Sebastien Le Breton (34791607)

A FRENCH carpenter who tried to smuggle drugs into Jersey has been jailed for nine months – after Jurats decided they were for his personal use.

The Royal Court heard yesterday that Sebastien Le Breton (44) tried to bring two 100-gram bars of cannabis resin and seven methadone tablets into the Island in his luggage on the ferry from St Malo.

Cannabis is a class B drug and methadone is class A.

Le Breton claimed that, despite the quantities of cannabis he was carrying, he did not plan to sell it, and it was all for his own use. Jurats decided to ‘give him the benefit of the doubt’ by accepting this.

Sebastien Le Breton (34790241)

Advocate Carla Carvalho, prosecuting, said Le Breton had been stopped at the Elizabeth Harbour ferry terminal at 7.40am on 24 October, just after arriving from St Malo.

He had come to the Island to work for CNR Construction and produced a work permit.

In his luggage officers found the two bars of cannabis resin, each around the size of a bar of soap, and seven tablets of methadone in a blister pack.

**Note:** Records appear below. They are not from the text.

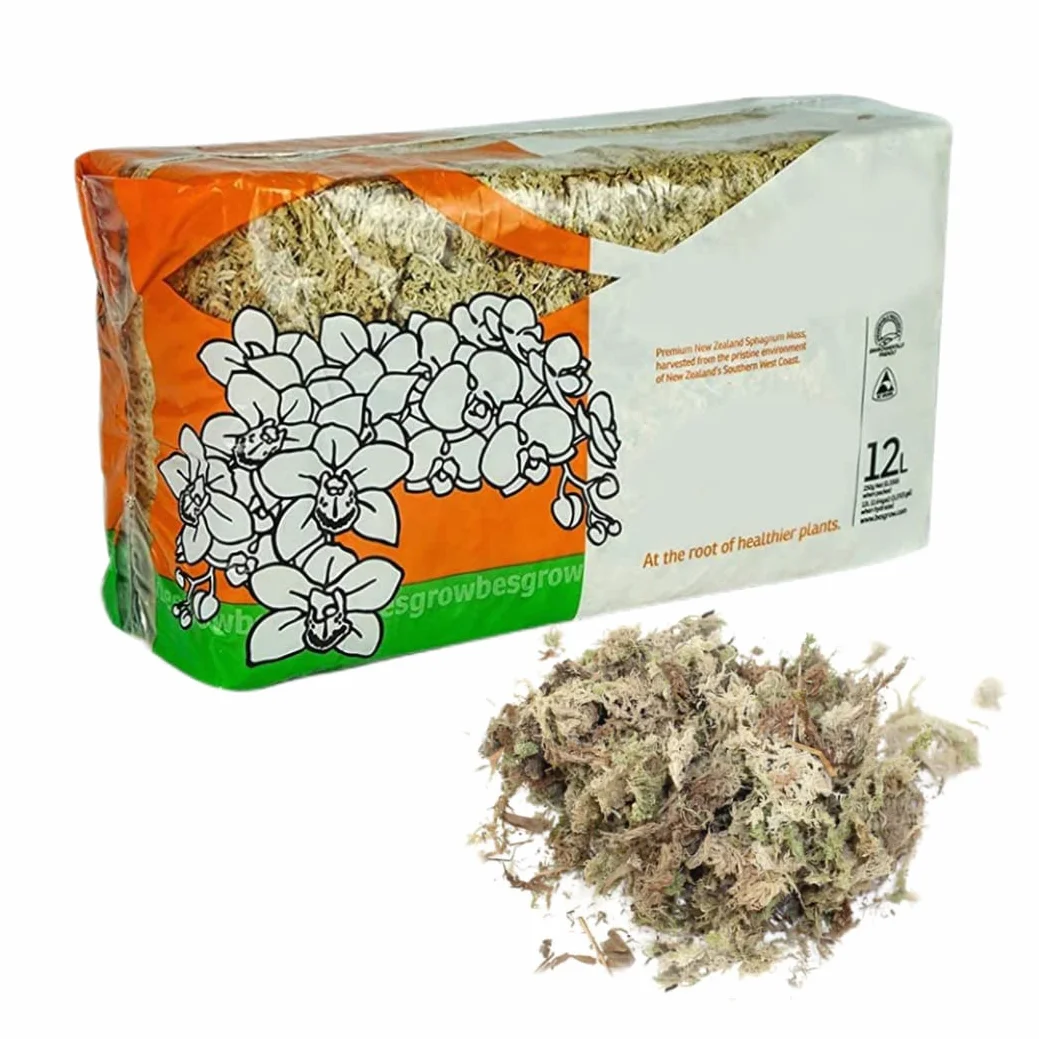 Sphaigne Mousse pour Reptiles 150 g séchée Terrarium literie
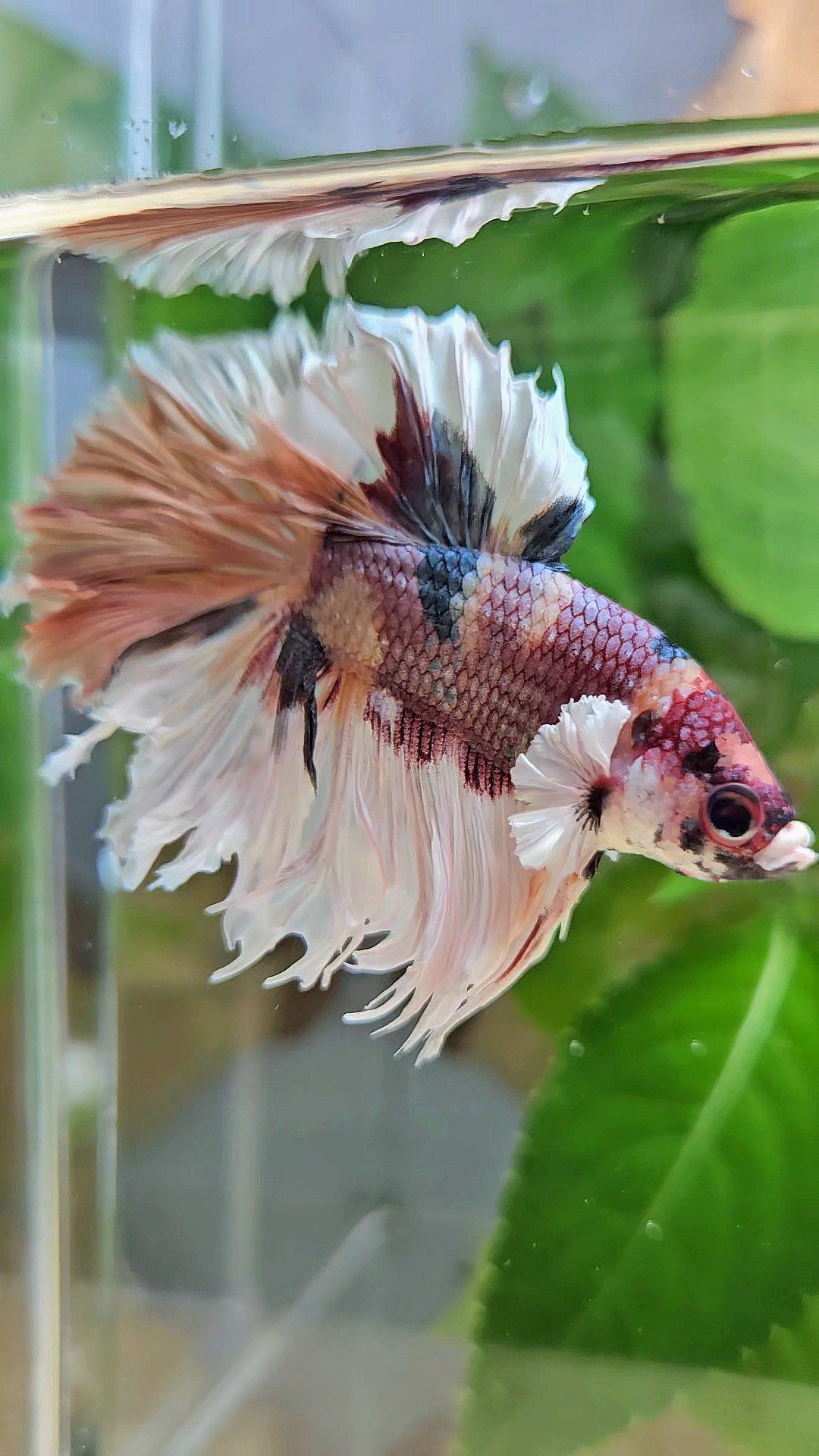 HALFMOON CROWNTAIL BIG EAR COPPER FANCY MULTICOLOR BETTA FISH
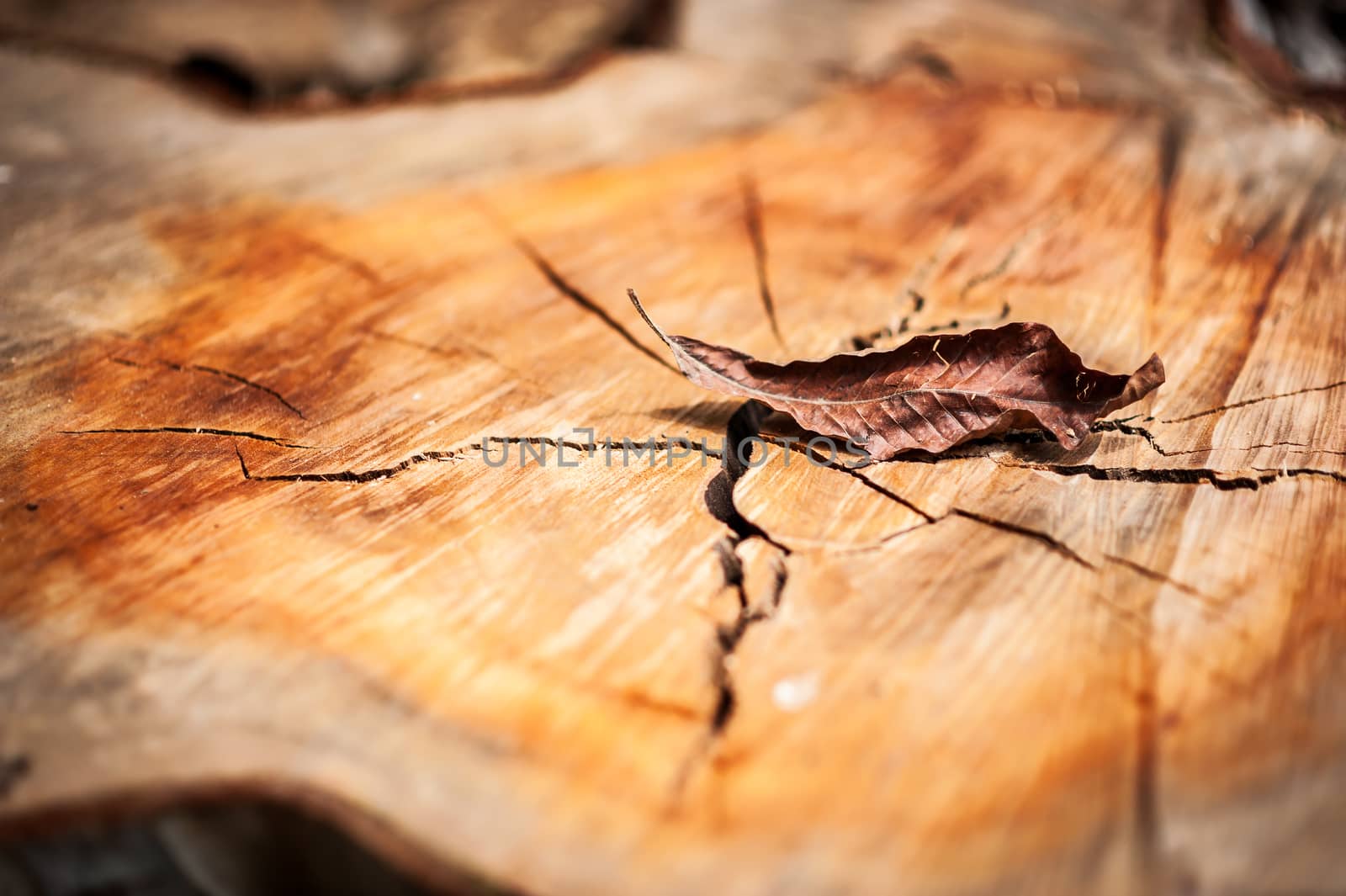 An Nature Leaf die in soft light .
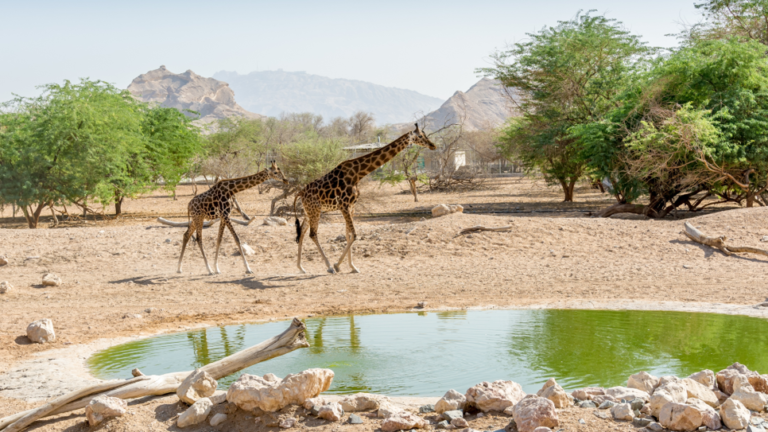 Assets & Facilities Maintenance Management for the Zoo & Aquarium Public Institution in Al Ain, UAE.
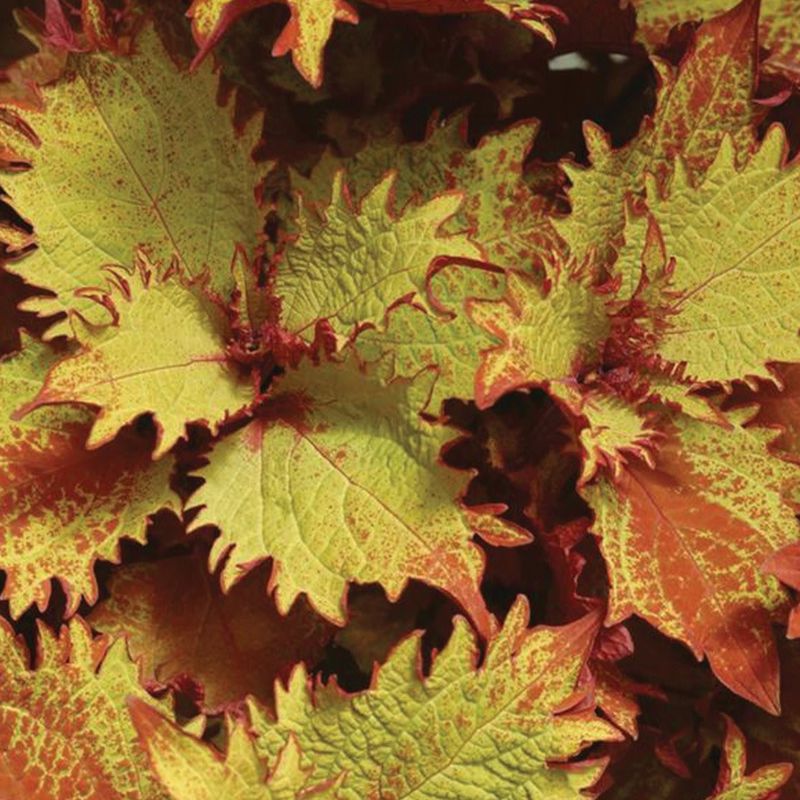 Coleus - Henna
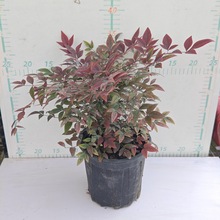 ���� ���������� �҃������^�~ֲ���ͺ����B�Gֲ�G����ľ���R�쾰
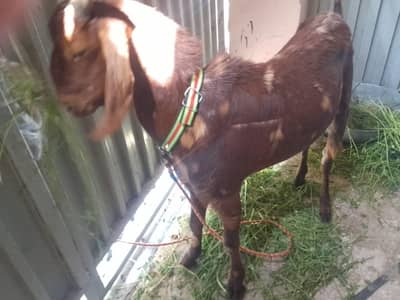 bakra for sale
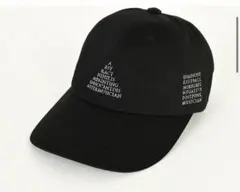 新品タグ付✨LAD MUSICIAN刺繍ロゴ 黒キャップ 2025年最新】LAD MUSICIAN メンズ キャップの人気アイテム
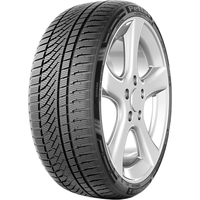 Snowmaster 2 Sport 205/50R17 93V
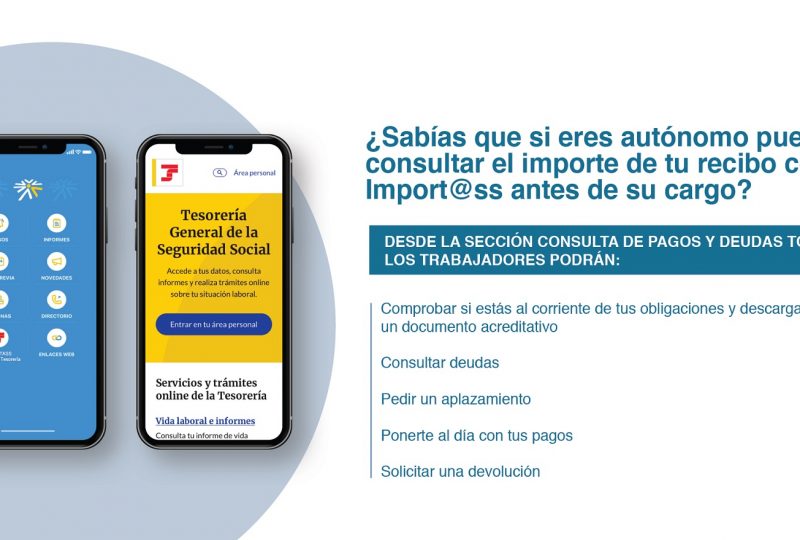 consulta recibo autonomo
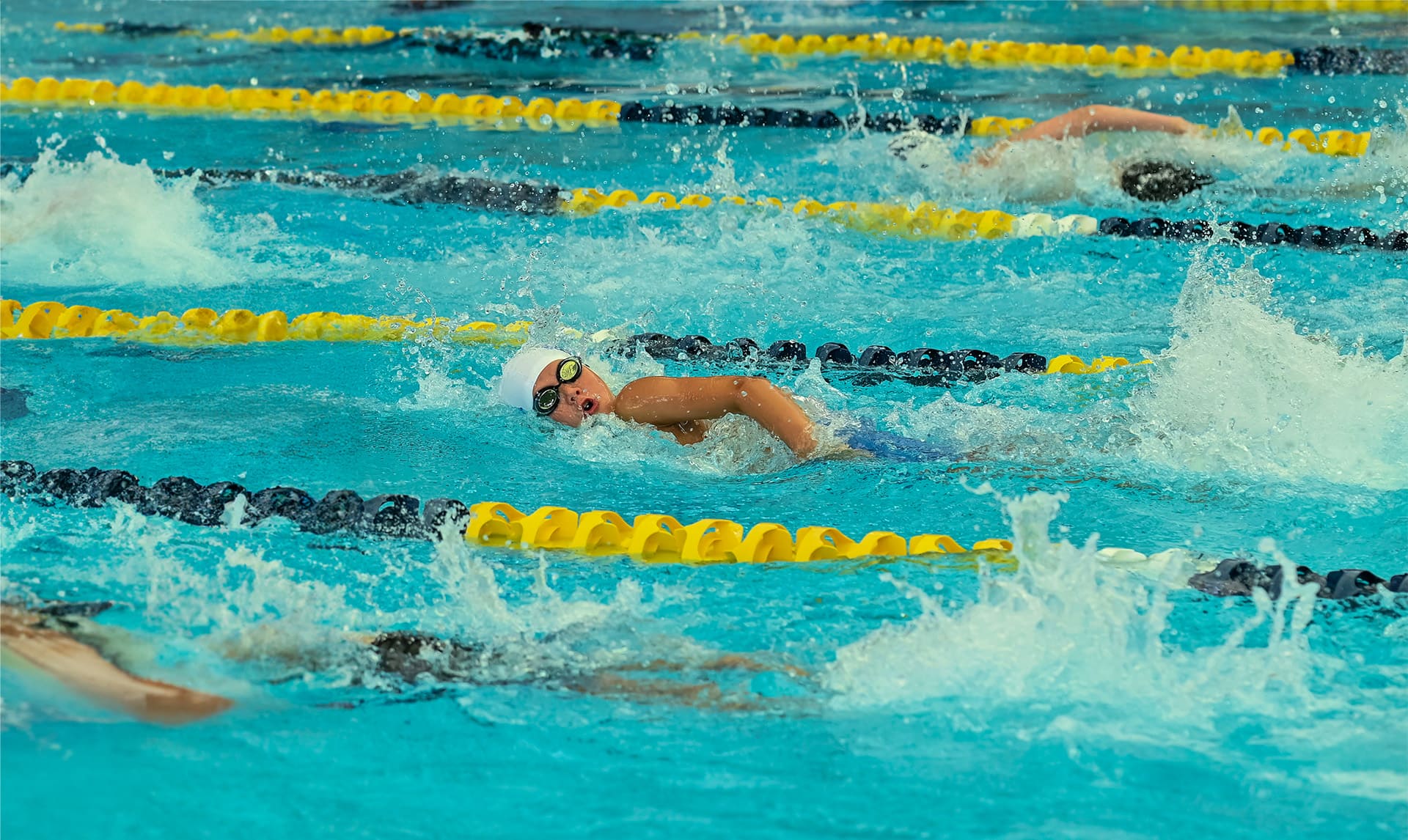 Erwachsener Schwimmer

Le Breton admitted two charges of evading the prohibition on importing goods.

He said he used five grams of cannabis a day and when asked why he had enough with him for 40 days – while only in Jersey five days a week – he replied: ‘No comment.’

Advocate Carvalho said that the prosecution therefore believed he was planning to sell it. ‘His claim, the Crown submits, is wholly implausible,’ she said.

Le Breton was assessed as a being at moderate risk of reconviction.

The advocate recommended a sentence of 18 months.

Advocate Chris Baglin, defending, said that when interviewed by the police Le Breton had not asked for legal advice.

‘That reflects that he didn’t know whether he was coming or going. He was honest and co-operative.’

He added that Le Breton did not tend to socialise with his colleagues, so pointed out: ‘There was little scope for him to be dealing to his fellow workers.’

And he said: ‘Clearly this is a significant and life-changing event for Mr Le Breton.

‘This could be the junction in the road where he takes the right path.’

Announcing the sentence, Commissioner William Bailhache told him: ‘This court regards the importation of any drug, particularly a class A drug, as very serious.’

But he added: ‘We are going to give you the benefit of the doubt that the cannabis was for your personal use.

‘We hope that this will be a turning point in your life.’

The court also recommended Le Breton’s deportation after serving his sentence.

The other Jurats sitting were Steven Austin-Vautier and Kim Averty.